**PROBLEM TO WORK ON**
In the data below, reproduce everything exactly except the images.

**MATERIAL PROVIDED**
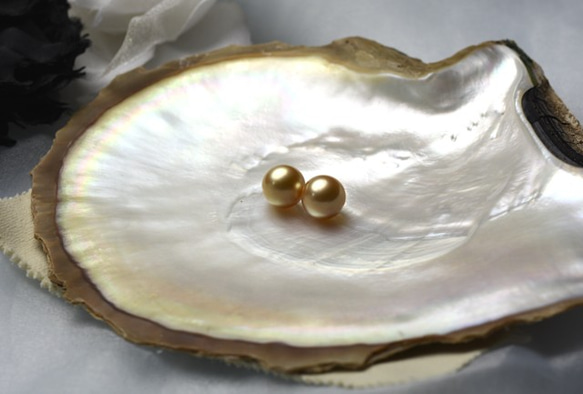 白蝶ゴールドパール 無穴 12.1mm 1粒 ラウンド系 ゴールデン真珠 最高級素材 ルース 素材 パーツ 金 5枚目の画像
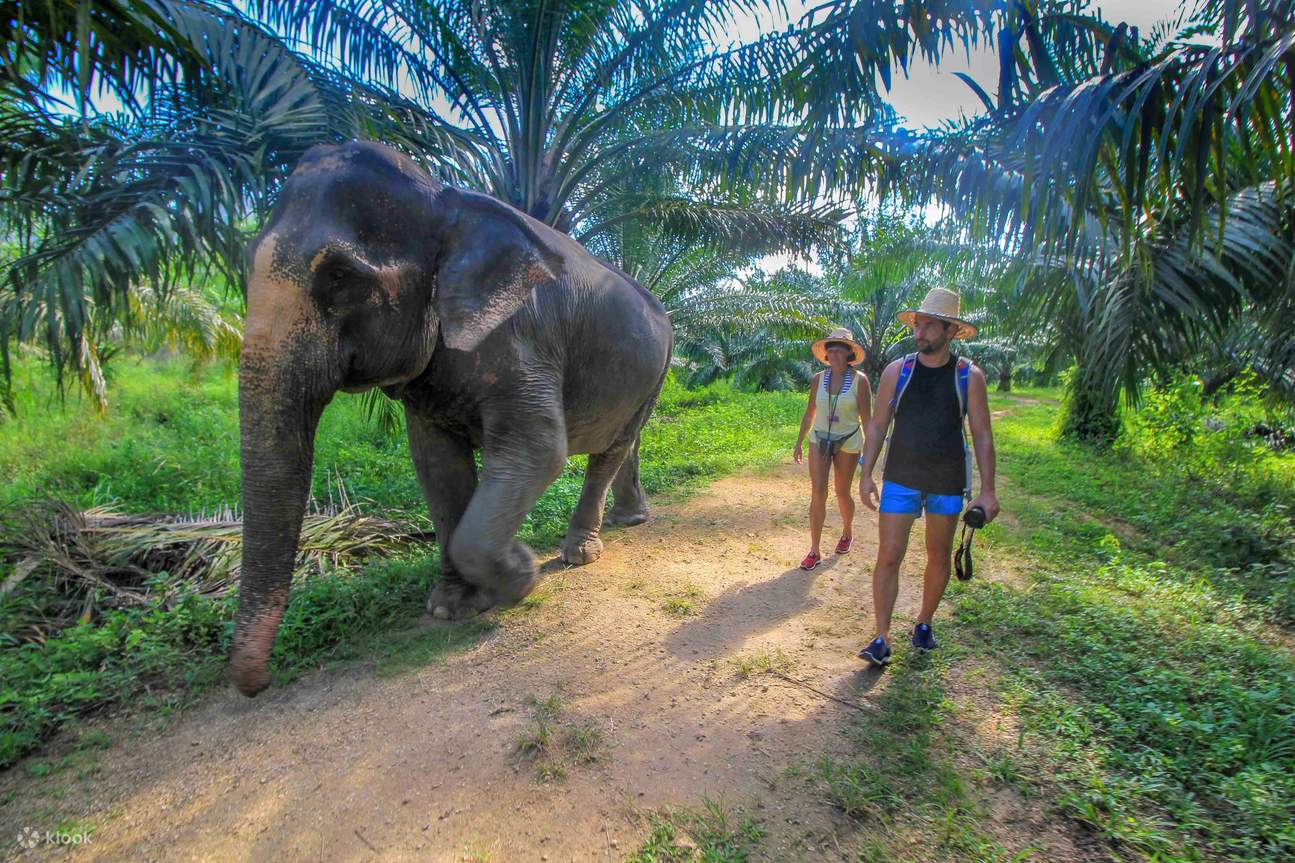 Elephant Care House dan Kuil Gua Harimau, Krabi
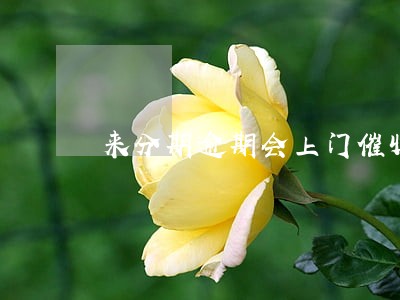 来分期逾期会上门催收吗 来分期逾期会上门催收吗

**EXERCISE RESULT**
 白蝶ゴールドパール 無穴 12.1mm 1粒 ラウンド系 ゴールデン真珠 最高級素材 ルース 素材 パーツ 金 5枚目の画像
 Elephant Care House dan Kuil Gua Harimau, Krabi
 来分期逾期会上门催收吗 来分期逾期会上门催收吗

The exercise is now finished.